An exact copy of the data is required. No picture may appear in it.

Segment Start: Available data

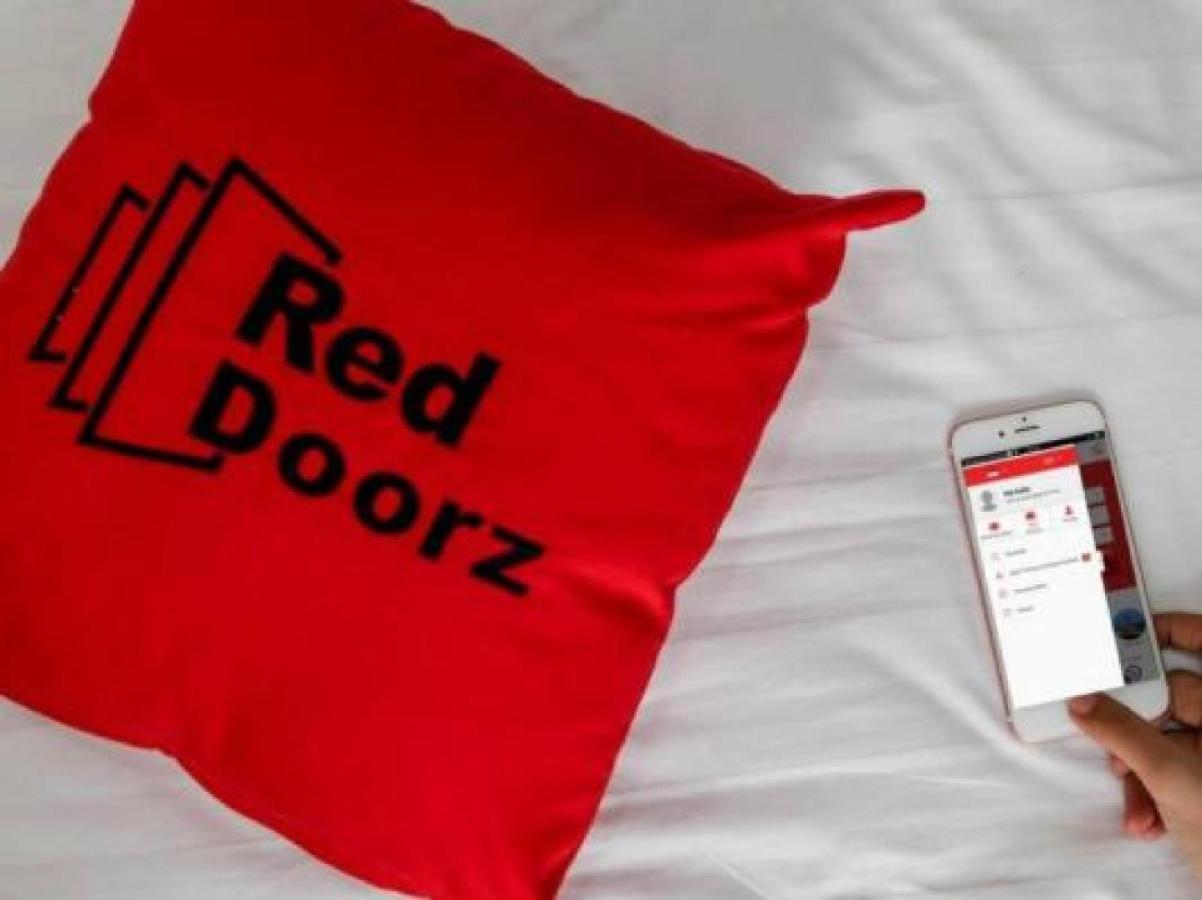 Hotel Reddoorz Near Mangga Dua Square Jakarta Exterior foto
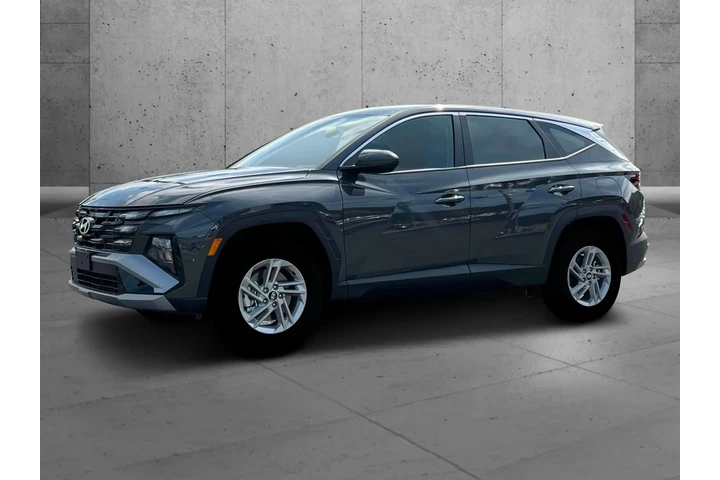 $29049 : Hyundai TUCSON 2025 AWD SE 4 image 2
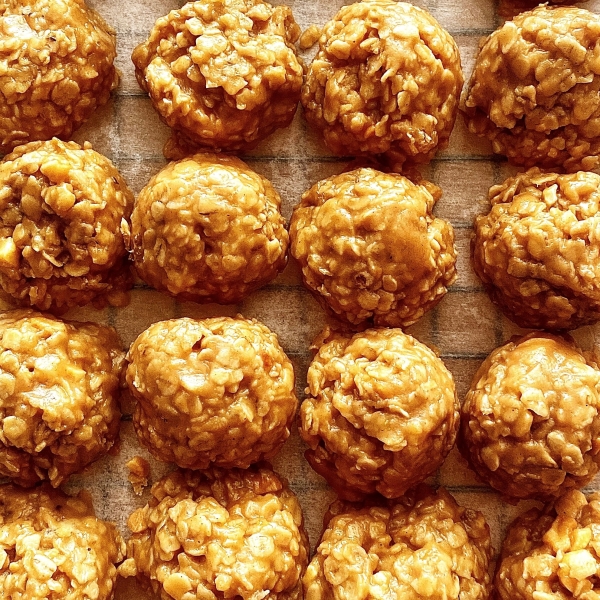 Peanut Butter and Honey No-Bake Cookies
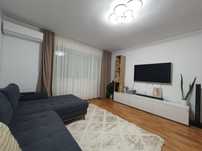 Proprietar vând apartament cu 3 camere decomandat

Segment End: Available data

### Task result
 Hotel Reddoorz Near Mangga Dua Square Jakarta Exterior foto
 $29049 : Hyundai TUCSON 2025 AWD SE 4 image 2
 Peanut Butter and Honey No-Bake Cookies
 Proprietar vând apartament cu 3 camere decomandat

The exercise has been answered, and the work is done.